Je me suis donc plié à ce rituel, et pendant un mois, ai collecté, organisé, archivé, collé dans un petit agenda tous mes tickets de caisse, ajoutant d’une écriture fine mais néanmoins assurée les quelques dépenses n’ayant pas fait l’objet de délivrance de ticket, et précisant même face aux prix des tickets, les articles qui leur correspondaient. J’ignore si vous vous êtes déjà plié à ce petit rituel, mais ce qui a été présenté comme un jeu par une enquêtrice peut vite devenir une lourde contrainte. C’est pourquoi je voyais arriver avec plaisir la fin de ce mois kafkaien !

J’ai alors appelé mon enquêtrice, et ai laissé sur sa boite vocale un message lui annonçant la bonne nouvelle : j’avais réussi, et mon méticuleux travail allait sans doute faire la joie d’un de vos analystes ; la France aurait un meilleur savoir de la consommation de ses ouailles, la crise était vaincue, le soleil brillait, tout était calme.

À ce jour, votre enquêtrice ne m’a toujours pas rappelé, et je crains avoir balancé mon petit agenda depuis fort longtemps. N’ayez crainte que ces informations ne tombent entre des mains malveillantes, j’ai le souvenir de l’avoir brulé, non sans l’avoir au préalable découpé en de tout petits morceaux et arrosé à l’acide.

C’est pourquoi vous comprendrez aisément que je ne puisse répondre de façon favorable à votre enquête auprès des entreprises créées ou reprises en 2010. J’aurais trop peur que ce courrier se perde entre mes bureaux et les vôtres, ou pire, qu’il tombe entre les mains de cette même enquêtrice malveillante. Car soyez-en persuadé, vous avez une traître dans vos locaux. Dieu seul sait comment seraient traitées les précieuses données dont vous me demandez la teneur.

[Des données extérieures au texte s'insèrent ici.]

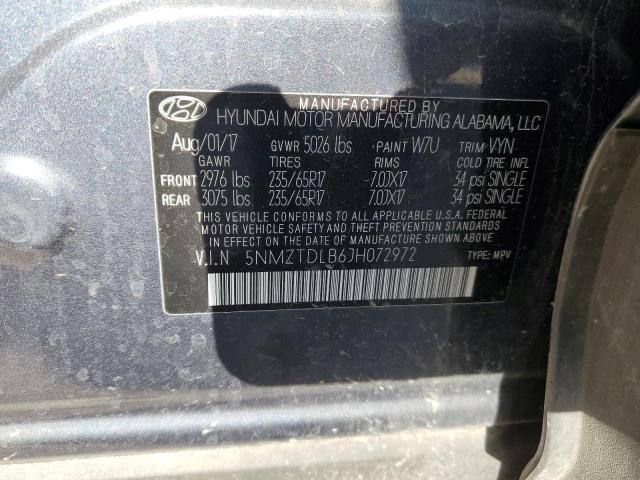 5NMZTDLB6JH072972 - 2018 HYUNDAI SANTA FE S CHARCOAL photo 12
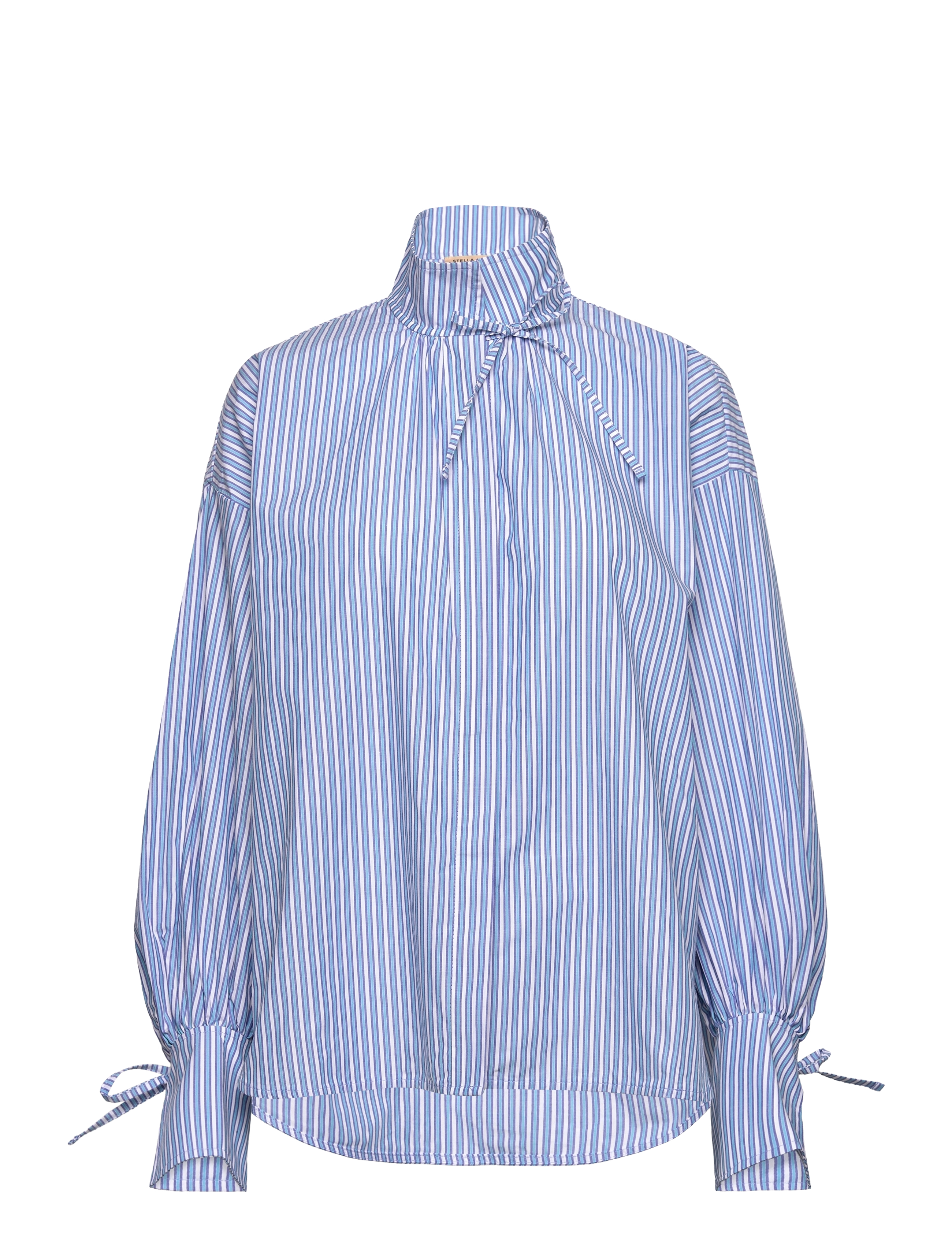 Stella Nova - Striped shirt with tie bands - white blue stripes - 1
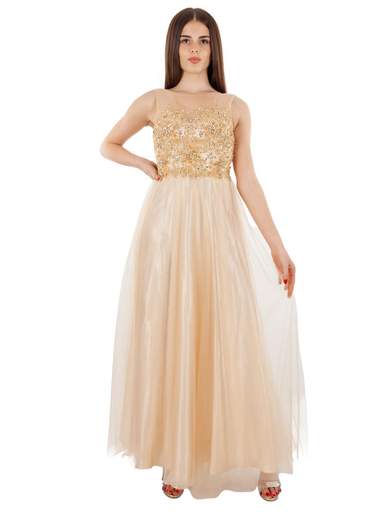 Abito lungo elegante cerimonia donna stile principessa
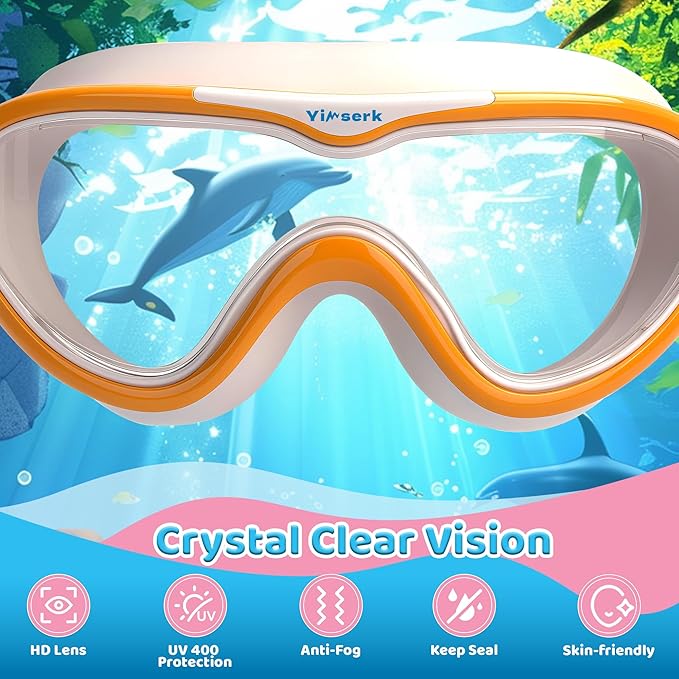 Kids Swim Goggles for Kids 6-14, Anti-Fog & UV400 Lens, Comfortable Silicone Design, Includes Nose Clip & Earplugs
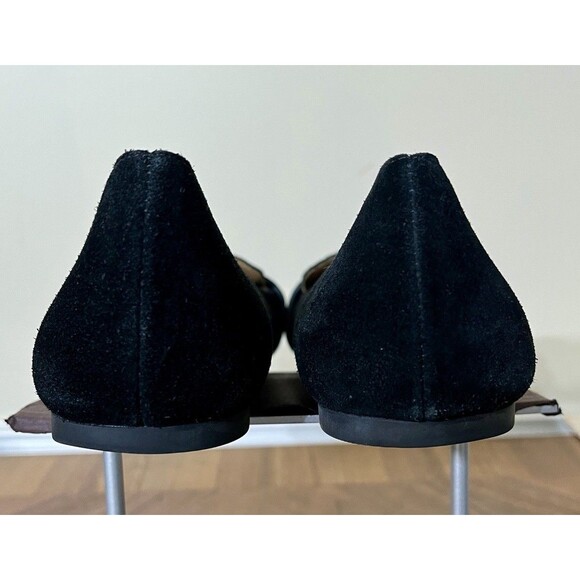 Tory Burch MARSDEN Black Suede Belted Gold Logo Flats Smoking Slipper Shoe 9M - Picture 5 of 9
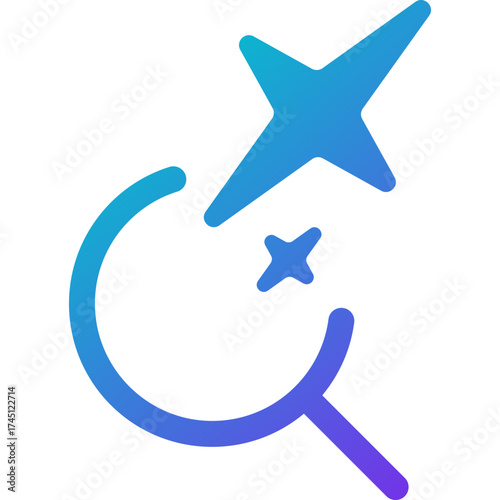 AI generation icon in gradient style. Symbol of artificial intelligence, image creation, and digital technology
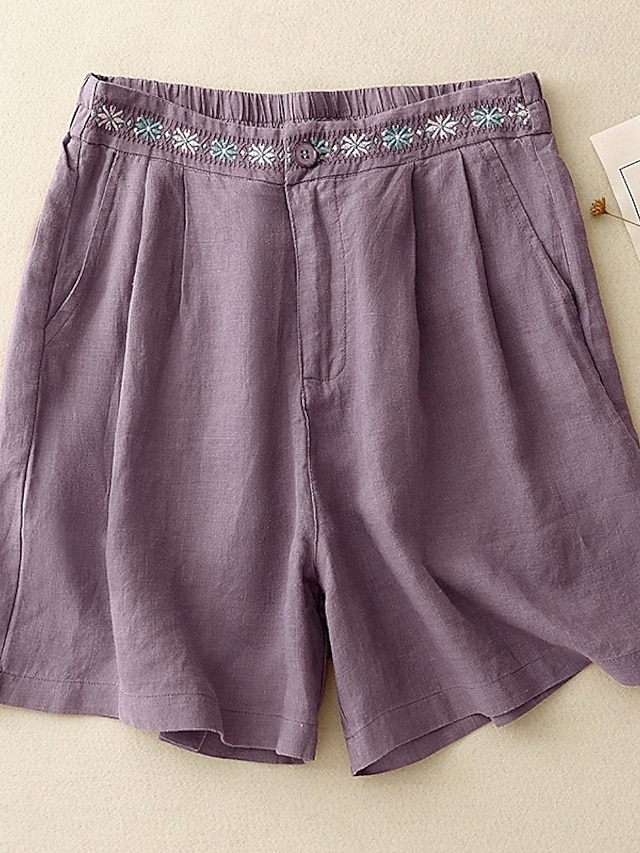  Women's Cotton Linen Shorts Shorts Slacks Casual Short Natural Flower Pocket Printing Comfy Comfortable Street Going out Sapphire Blue Dark Navy Purple Orange Summer Regular Fit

Cependant, il faut bien trouver une solution, car vous avez bien voulu me rappeler discrêtement (en caractère gras, corps 72) à chaque page de votre courrier le caractère obligatoire de ma réponse. Il est donc hors de question que je m’y dérobe, et en plus que j’encoure l’application d’une amende administrative dont vous me menacez presque déjà.

Soyez persuadé que je ne refuse absolument pas de répondre à cette enquête. D’ailleurs, remplir votre questionnaire m’aurait pris bien moins de temps que de vous écrire cette longue lettre. Mais je pense qu’il faut que vous ayez bien conscience de ma probité dans cette affaire et des enjeux en cours. Aussi, je vous propose de m’envoyer votre enquêteur de confiance, votre « Eliot Ness » de l’INSEE, auquel je répondrai alors avec grand plaisir. Je mets à votre disposition mon secrétariat afin de convenir de ce rendez-vous à venir.

Espérant avoir œuvré dans l’intérêt de la France et de ses belles études statistiques, je vous prie d’agréer, Monsieur, l’expression de mes sentiments les meilleurs.